Problem: Among the lines below, the one containing "rom&nd X Miffy" opens the range and the one containing "Мультиметр Navigator nmt-mm06-9205a" closes it. Print that range exactly, without the pictures.

Data supplied:
================

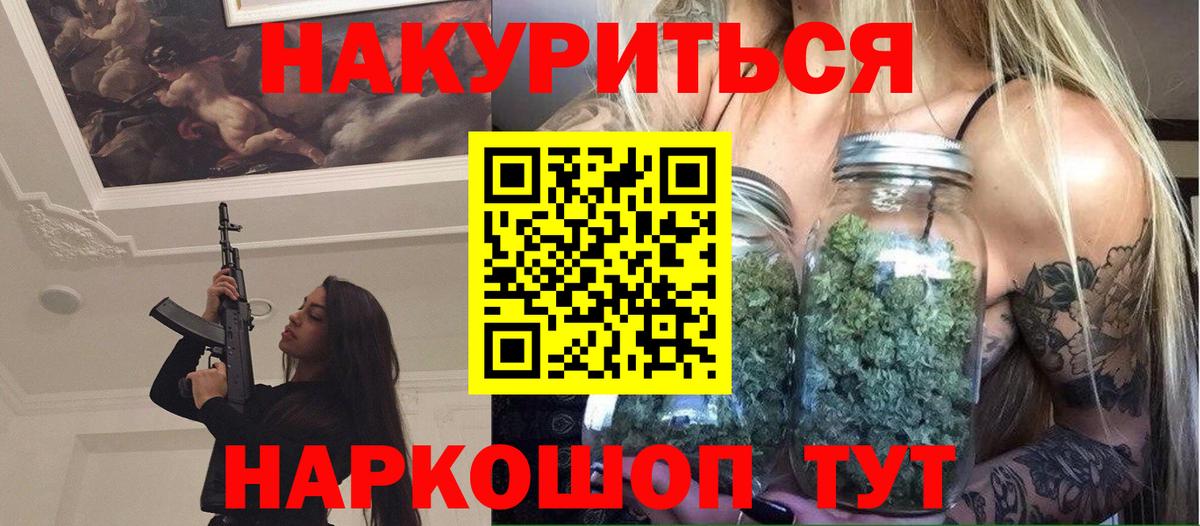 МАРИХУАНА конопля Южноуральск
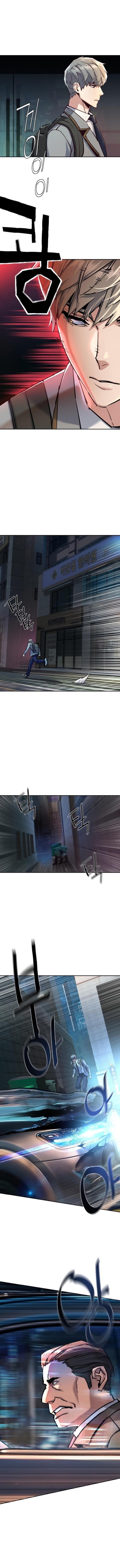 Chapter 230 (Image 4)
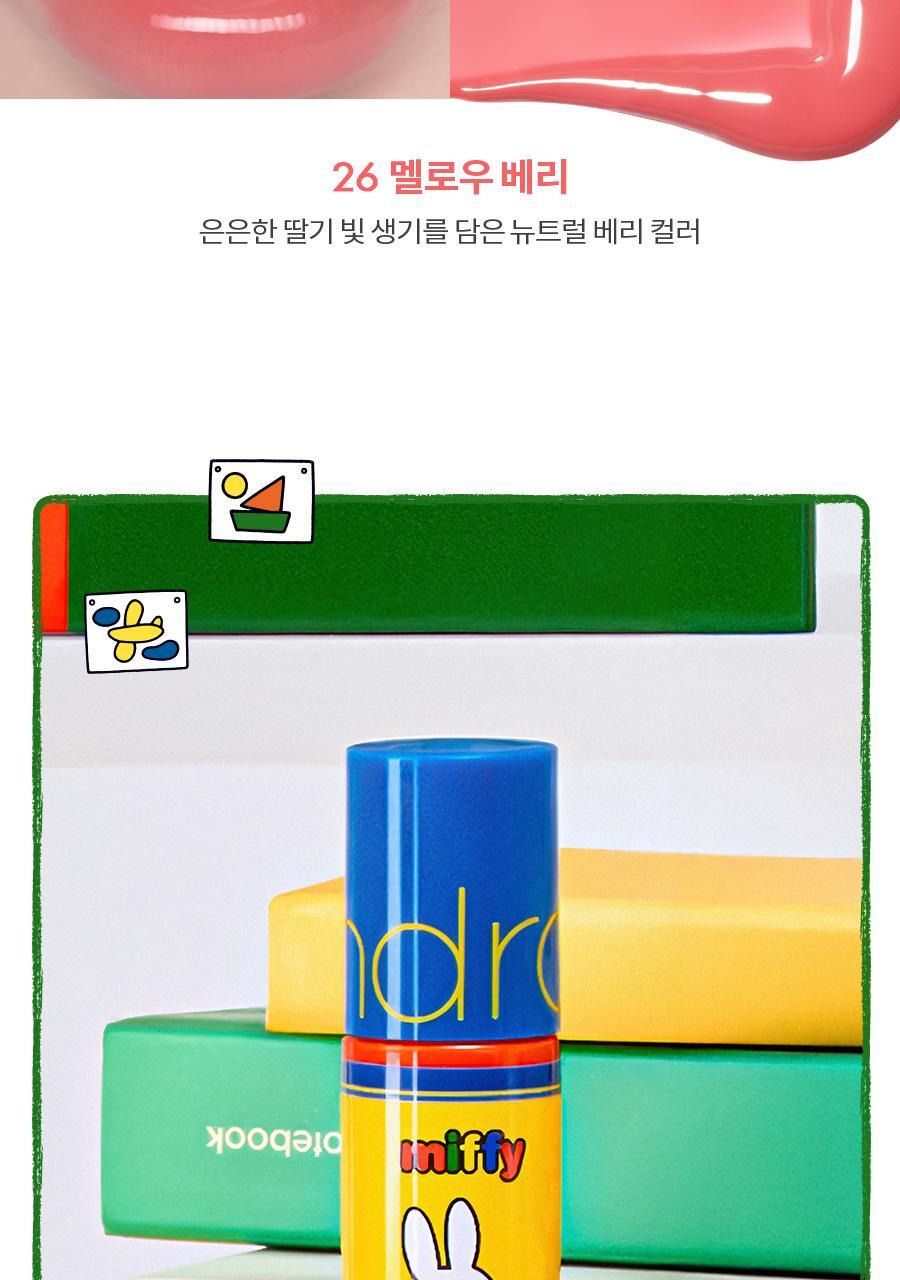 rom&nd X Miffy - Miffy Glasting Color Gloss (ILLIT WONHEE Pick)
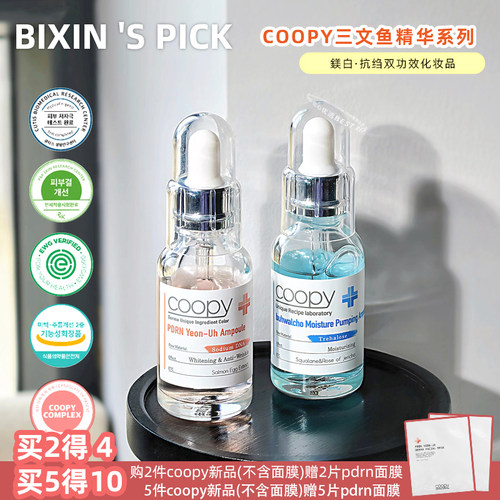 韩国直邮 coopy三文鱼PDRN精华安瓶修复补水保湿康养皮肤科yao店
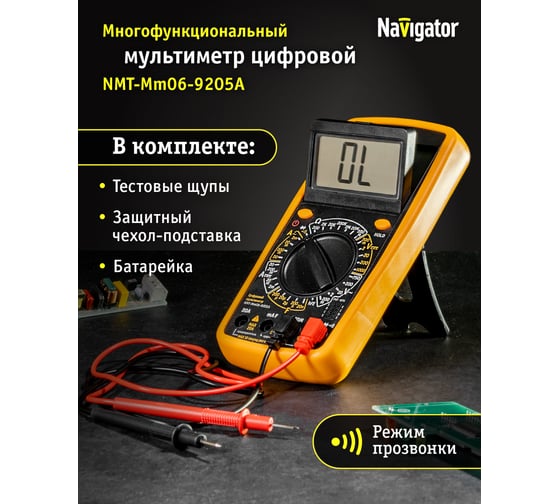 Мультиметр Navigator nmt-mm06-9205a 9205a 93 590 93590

================

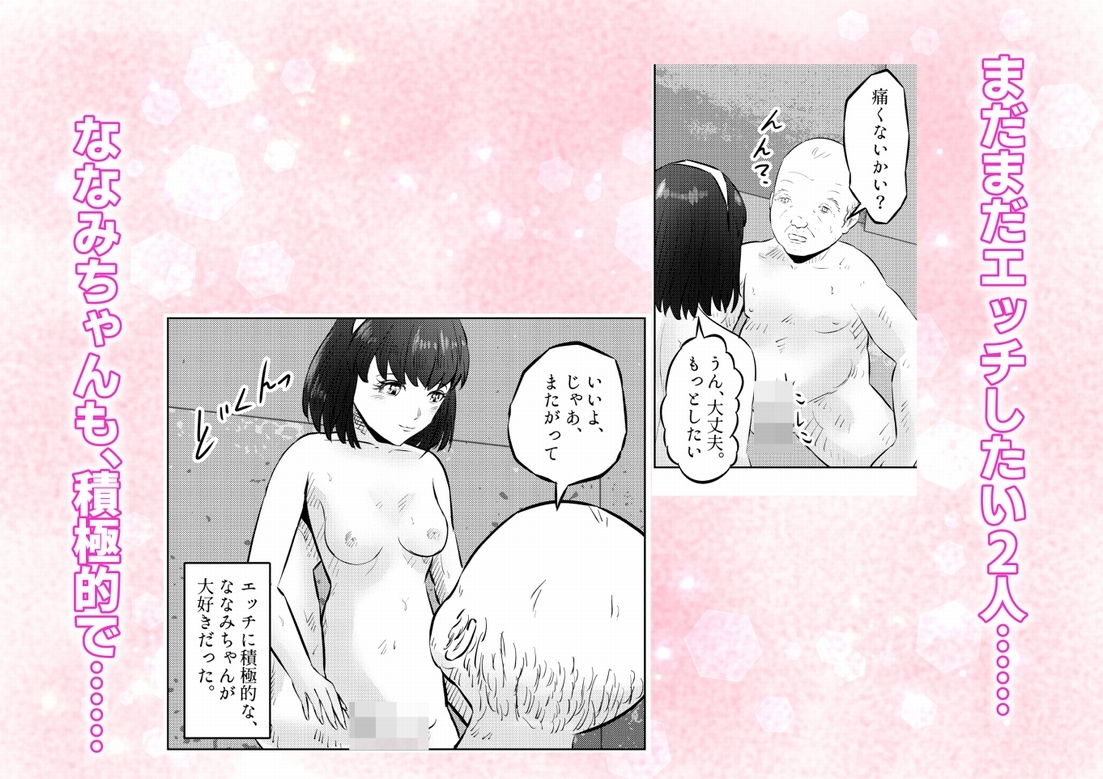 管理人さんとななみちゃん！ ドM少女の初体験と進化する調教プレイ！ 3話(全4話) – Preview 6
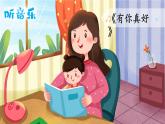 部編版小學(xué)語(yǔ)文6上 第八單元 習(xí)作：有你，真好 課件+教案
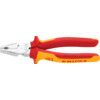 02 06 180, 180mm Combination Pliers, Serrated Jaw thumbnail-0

================

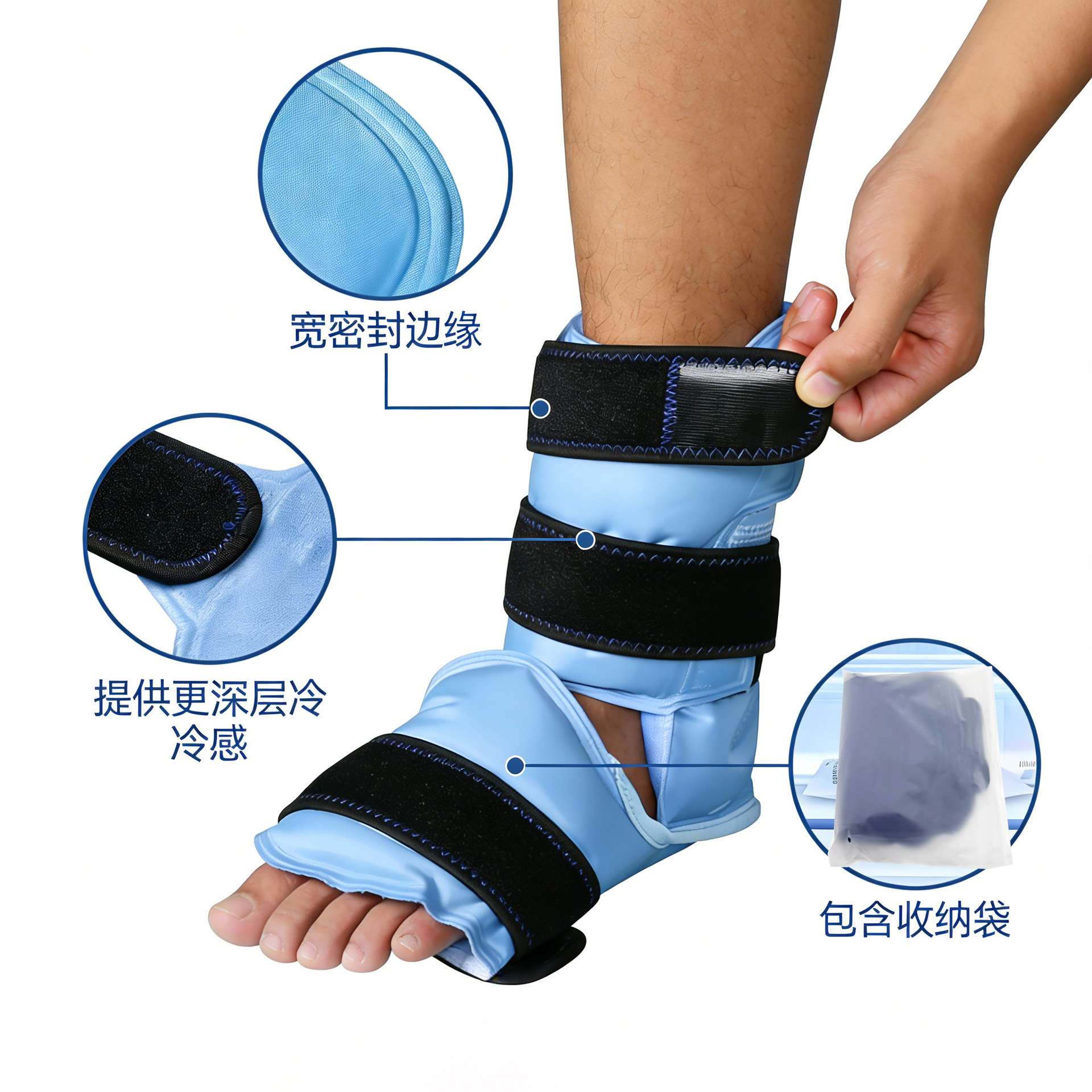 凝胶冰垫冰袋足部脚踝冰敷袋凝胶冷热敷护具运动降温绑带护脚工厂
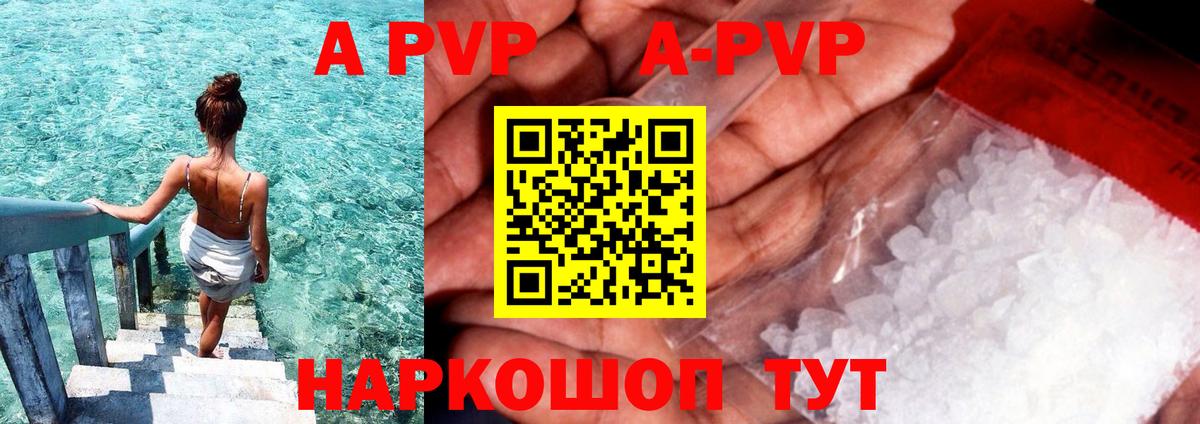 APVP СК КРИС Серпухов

================

Exercise response:
 rom&nd X Miffy - Miffy Glasting Color Gloss (ILLIT WONHEE Pick)
 韩国直邮 coopy三文鱼PDRN精华安瓶修复补水保湿康养皮肤科yao店
 Мультиметр Navigator nmt-mm06-9205a 9205a 93 590 93590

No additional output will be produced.